In June, Charles Randell, chairman of the FCA, said: “The Financial Services Compensation Scheme costs levy is already at an unacceptable level; and I am sorry to say that it is likely to increase, as some firms will fail during this crisis.”

Mr Randell warned changes to reduce the cost of regulation would require significant investment and take a number of years to implement.  

Within a few weeks – during which the FCA came under fire for pushing through an eight-week consultation to reduce the maximum cap on redress it would have to pay as a result of regulatory failings, and MPs added their voices thanks to Financial Adviser’s letter-writing campaign – the tune has changed.

The FCA is now seeking industry views on how to make companies that do more harm pay more in the way of redress. In other words, the call for input on the retail investment market issued by the FCA in September is looking into the funding structure of the FSCS.

Back in June, the chairman of the FCA said the regulator would not revisit the funding structure of the FSCS. He also said the FCA would not put a stay on increases in its membership fees this year to reflect the difficult economic circumstances. 

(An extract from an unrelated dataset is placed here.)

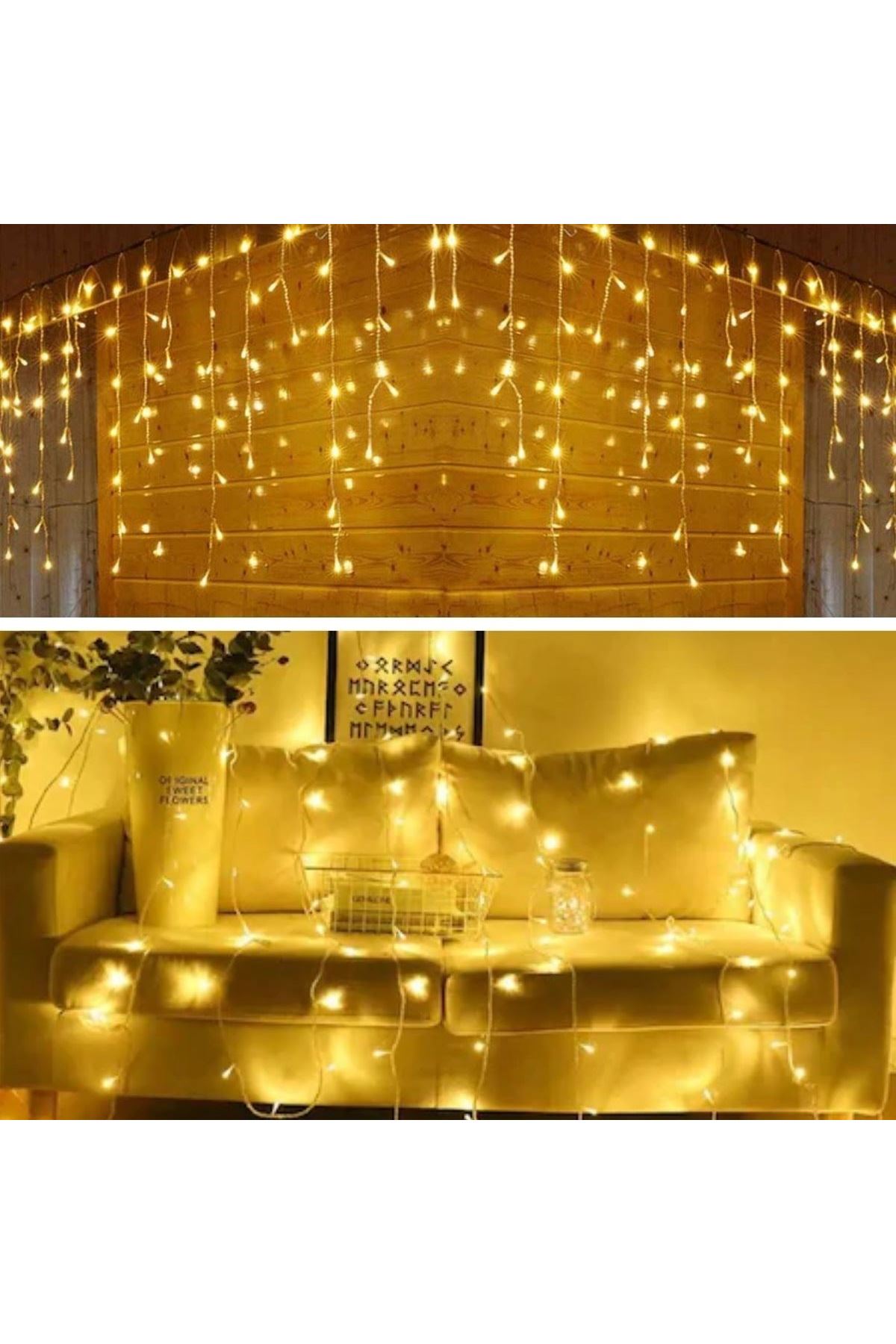 TBL Dekor® 8 Fonksiyonlu 16 Saçaklı Perde Led 3 x 1 (Günışığı)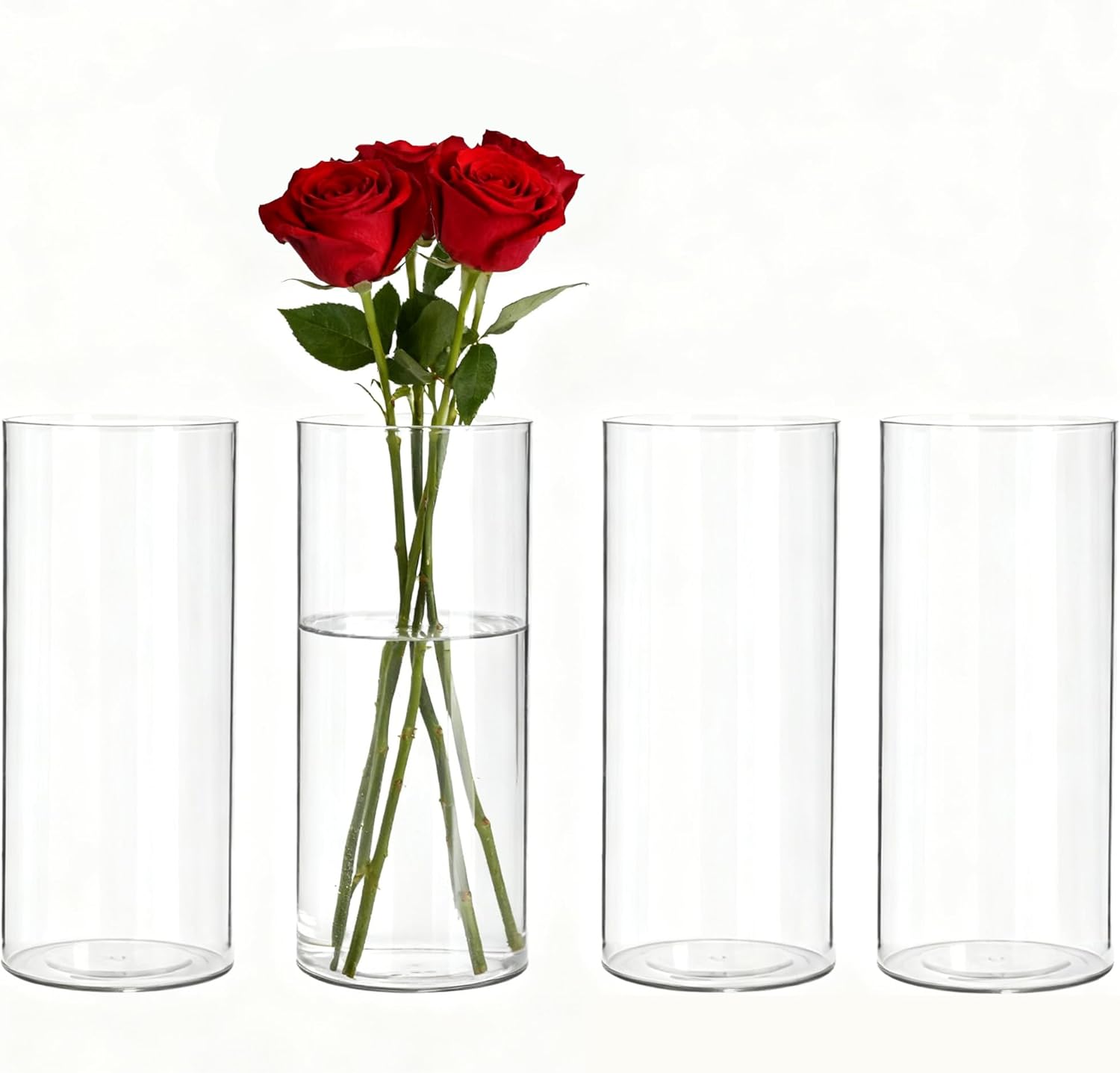 4 Pack Acrylic Cylinder Vases for Centerpieces,10 inch Tall Clear Flower Vases, Unbreakable Vases,Hurricane Candle Holders Floating Candle Vase for Wedding Dinner Table Party Living Room Decor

Now the FCA is considering how the financial lifeboat scheme might be funded and whether a ‘polluter pays’ model would work. 

Of course, the powers that be will never acknowledge that the noise created in Westminster by Financial Adviser's and other bodies’ campaigns has forced the issue.

But given that ‘polluter pays’ has been touted since 2016, when advisers polled by AJ Bell voted overwhelmingly for such a basis to the funding structure, and it is only four years later that this is being considered, one has to ask whether this is all just pure coincidence, or whether the #KeepFeesFair campaign has had an effect.

Again, it was only in June the regulator said fees would have to rise. A lot can happen in three months, evidently.

So will we get ‘polluter pays’? A poll from Financial Adviser recently showed this was the most popular option for advisers. 

And given that at a press conference last week, outgoing chief executive of the FCA Christopher Woolard said a product levy was not “back on the table” as part of its plans to manage rising FSCS costs, it may be that tougher enforcement of wrongdoers and earlier intervention along the investment journey might take some of the cost burden off the adviser's shoulder. 

Still, dismissing a product levy is reminiscent of how, back in 2014, the former FCA chief executive Martin ‘Shoot First’ Wheatley said the phrase ‘regulatory dividend’ was banned from the regulator’s lexicon.

Hopefully ‘polluter pays’ will not go the same way. The levy needs to change. Keep writing those letters and make sure you respond to the consultation. This is your chance to shape the advice bill of the future. Don't dismiss this  – remember, a lot can change in just three months.